3.) OBEDIENCE–True worship involves obedience reflective of a godly heart. 1 Samuel 15:22 states, “And Samuel said, ‘Has the LORD as great delight in burnt offerings and sacrifices, as in obeying the voice of the LORD? Behold, to obey is better than sacrifice. . . .'” Similarly we should note Micah 6:8 and Matt. 23:23. These passages reveal that obedience to God’s moral law is of higher rank in the worshiper’s priorities than cultic observance.
4.) COMMUNICATION–“True worship involves reactive communication.” Worship is comprised of God’s revelation of himself to us and our response to this revelation. The definition of worship that we use at Bethany Baptist Church is therefore:

We believe that biblical worship entails our most complete and affirming response to the revelation of who God is and what he has done.
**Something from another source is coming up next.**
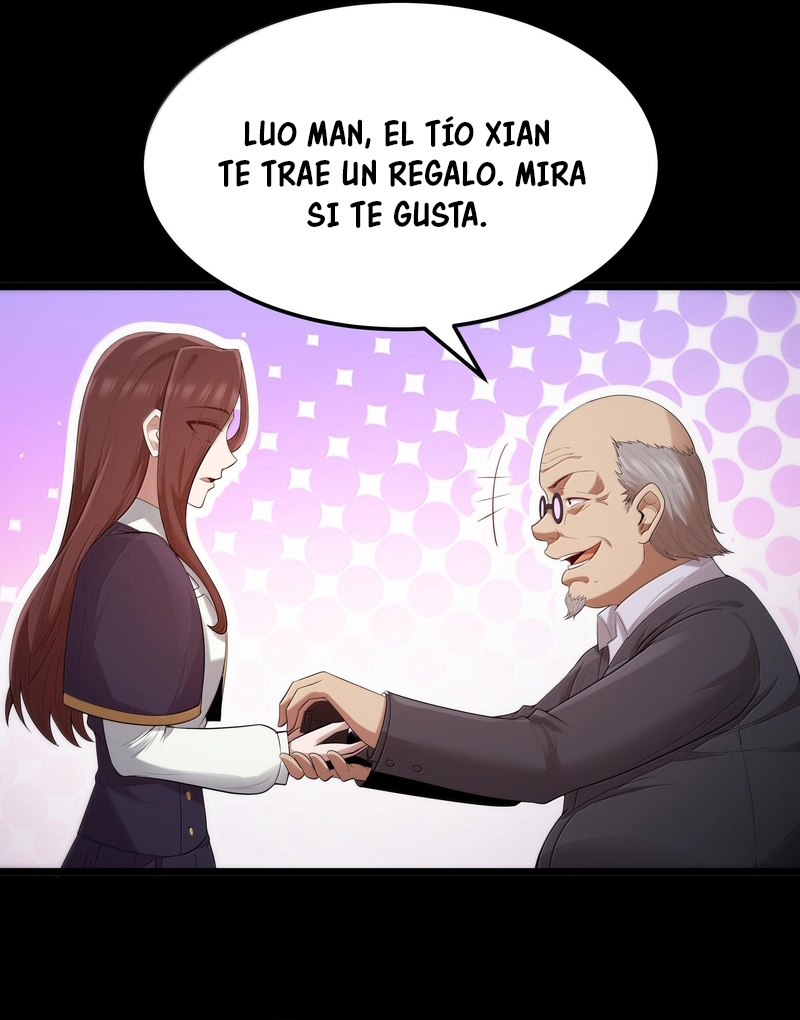 Read Este valiente es un supremacista del dinero ES Manga Online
Furthermore, as the church we joyfully embrace the worship of God in two ways: (1) through corporate worship each Sunday morning and (2) through lives of worship, dedicated and obedient to God’s Word—both made possible only by our relationship with Him through Jesus Christ.
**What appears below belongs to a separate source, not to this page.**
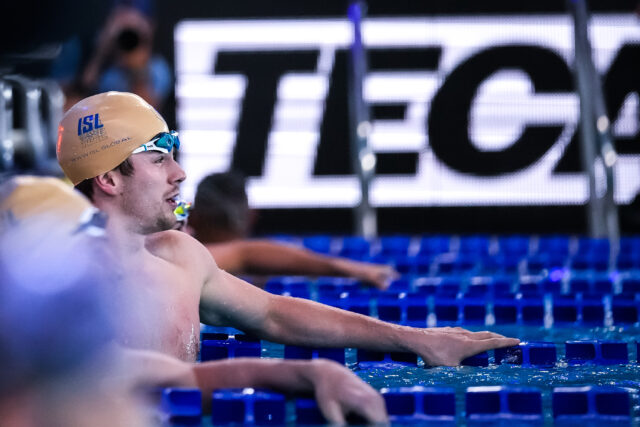 A Feedback Loop Swimmers Can Use to Improve Like Crazy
5.) GOD ALONE–Although we may bow as a demonstration of humility before human authorities, only God is worthy of our worship.
6.) WILL–Block states,

For worshipers’ acts of homage to be favorably received by God, they must align with his will rather than with the impulses of depraved human imagination. Forms of worship may vary from culture to culture, but true worship comes from hearts totally devoted to God and determined to please him. Scripture clearly reveals the forms of ethical worship acceptable to God, and since the New Testament gives minimal attention to corporate worship, true Christian worship should be grounded on theological principles established in the First Testament. Unless the New Testament expressly declares those principles to be obsolete, we should assume continuity.



True worship occurs on God’s terms—heeding the words that Scripture uses to define it—both for the corporate gatherings of local church and in all of life. When faced with the weightiness of the list of these ‘worship words’ and the range of their implications—rather than being tempted to rise in revolt in our hearts against them, or feeling crushed by the weight of the implied expectations upon us—we should continuously turn to God to change our desires and affections and enable us to worship in ways that display transformed lives for his glory (Romans 12:1-2).

When we see corporate worship as Scripture defines it, we will begin to understand it as training for worship in all of life. In other words, worshiping God as the gathered Body of Christ as He prescribes, trains our disposition before God and others for every activity. Thus in developing our philosophy of corporate worship, including the forms employed (preaching, architecture, music, etc.)—these tools need to be such that are suited for this high task. Might we prayerfully ask, study, and spiritually discern: are tools we are using more palatable to the spirit or to the flesh in the devotional task of worship?

In Galatians 6:7-8, Paul speaks of sowing to the spirit (resulting in spiritual life) rather than sowing to the flesh (resulting in spiritual death). When seeking to adhere to the principles for worship that flow from our study of biblical worship words, we will be tempted toward legalism or toward licentiousness—two extremes that Galatians teaches are a result of sowing to the flesh. Instead Paul encourages us to follow an entirely different path, the path of sowing to the Spirit—depending upon the Holy Spirit to enable us to love God and love others rightly, and thus learn to love the law. This fulfills the law of Christ.


Block, Daniel I. For the Glory of God: Recovering a Biblical Theology of Worship. Grand Rapids: Baker Academic, 2014.
Dawn, Marva J.  How Shall We Worship?: Biblical Guidelines for the Worship Wars. Carol Stream: Tyndale, 2003.